**PROMPT**.
Images are not part of the copy; transcribe all the data exactly.

----- DATA PROVIDED

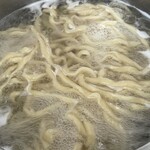 ラーメン もっけだの - 『冷凍ラーメン』の麺茹で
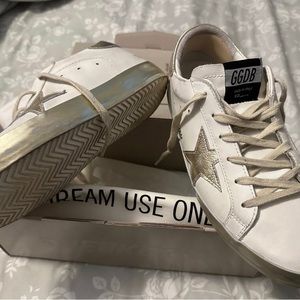 Golden Goose Super Star sneakers - almost new! Sz 40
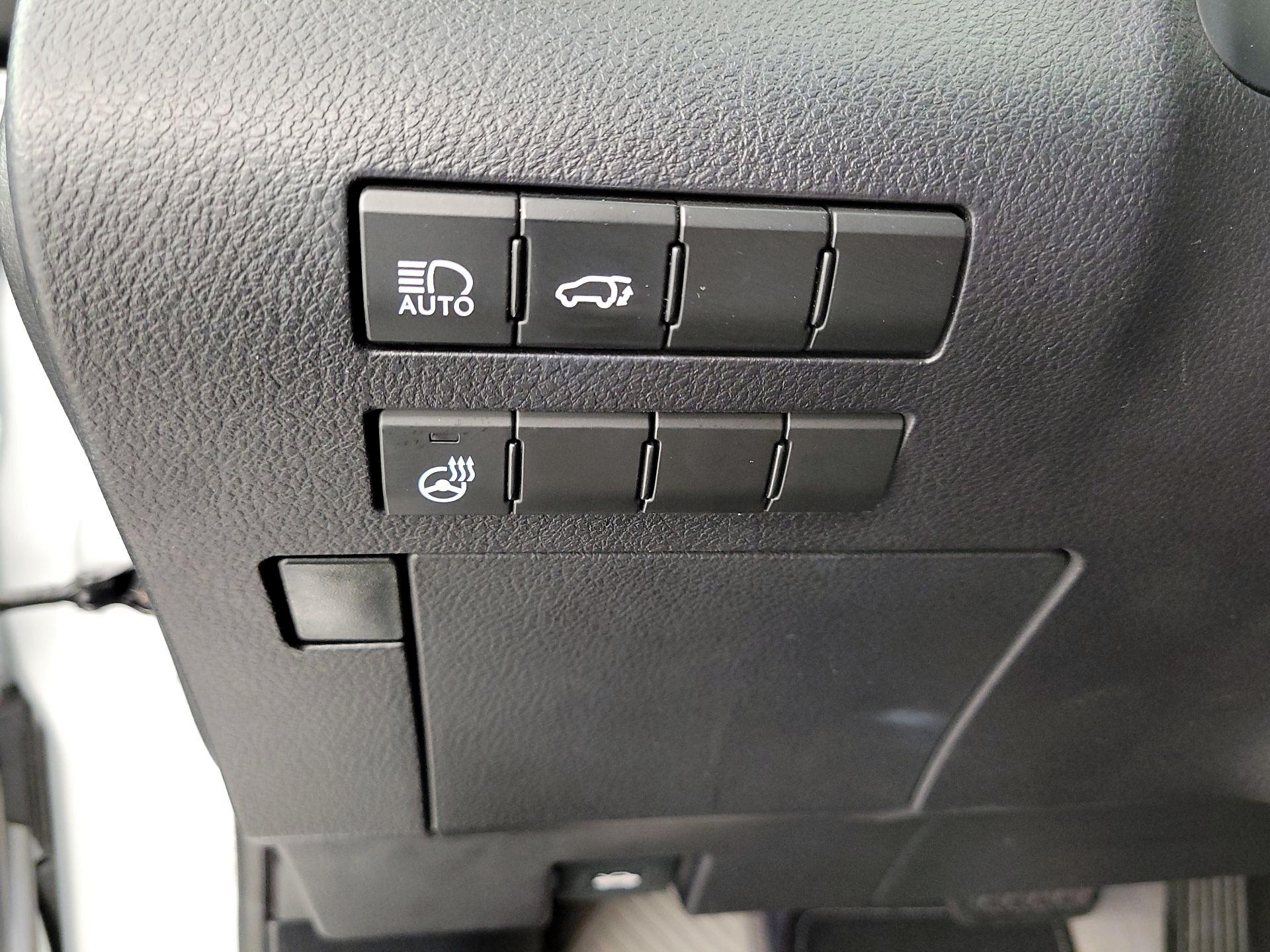 Thumbnail: 2017 Lexus RX - 13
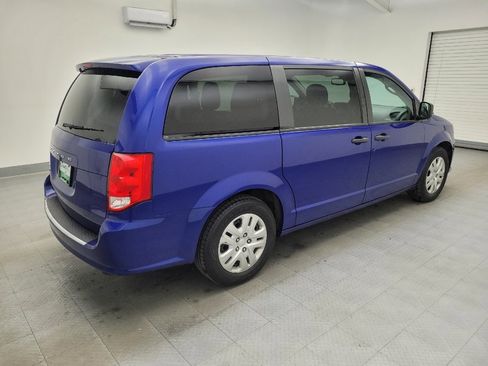 Used 2020 Dodge Grand Caravan SE image 10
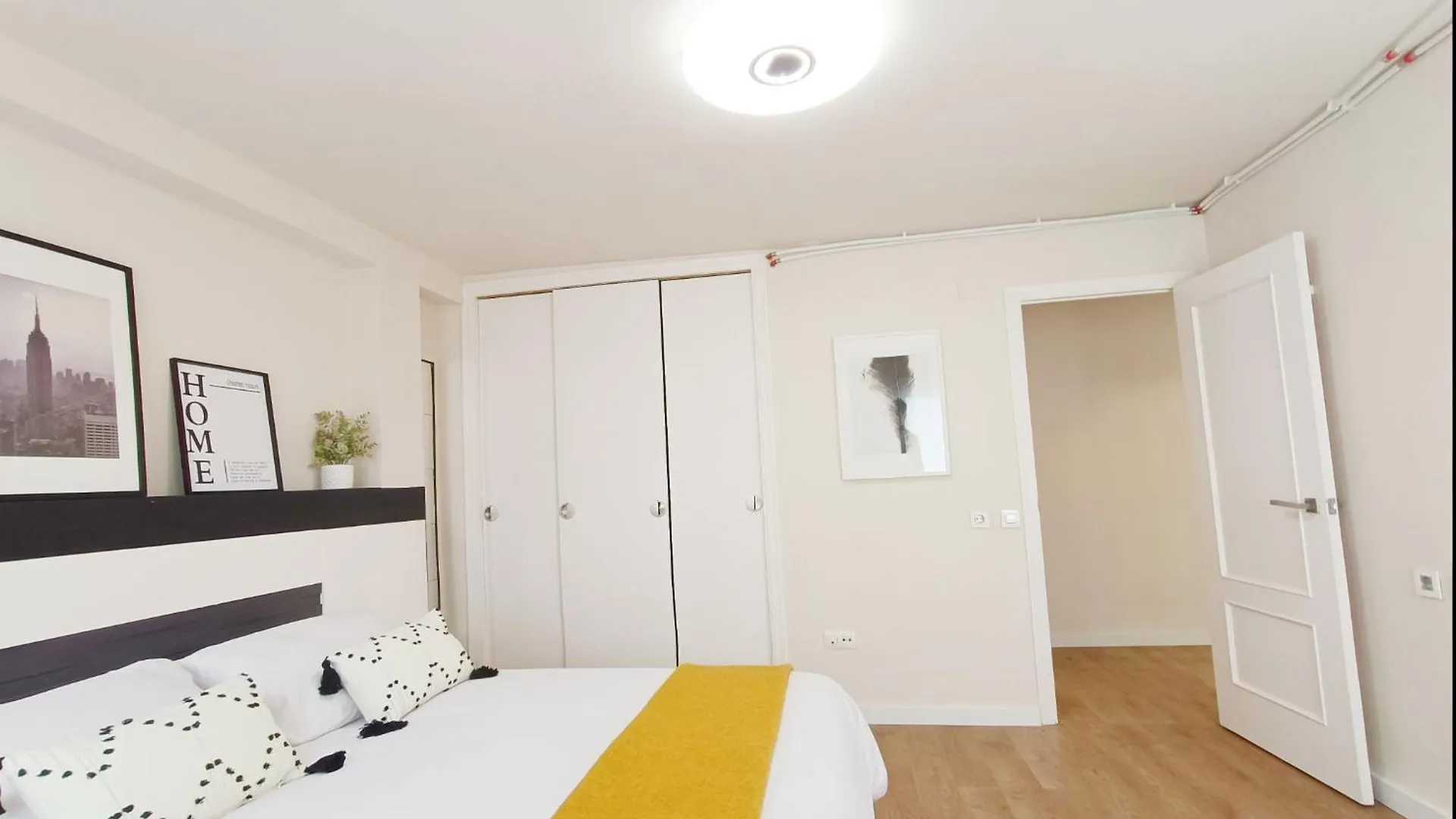 Triana House Apartment Seville 0*,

----------

**RESULT OF THE TASK**.
 ラーメン もっけだの - 『冷凍ラーメン』の麺茹で
 Golden Goose Super Star sneakers - almost new! Sz 40
 Thumbnail: 2017 Lexus RX - 13
 Used 2020 Dodge Grand Caravan SE image 10
 Triana House Apartment Seville 0*,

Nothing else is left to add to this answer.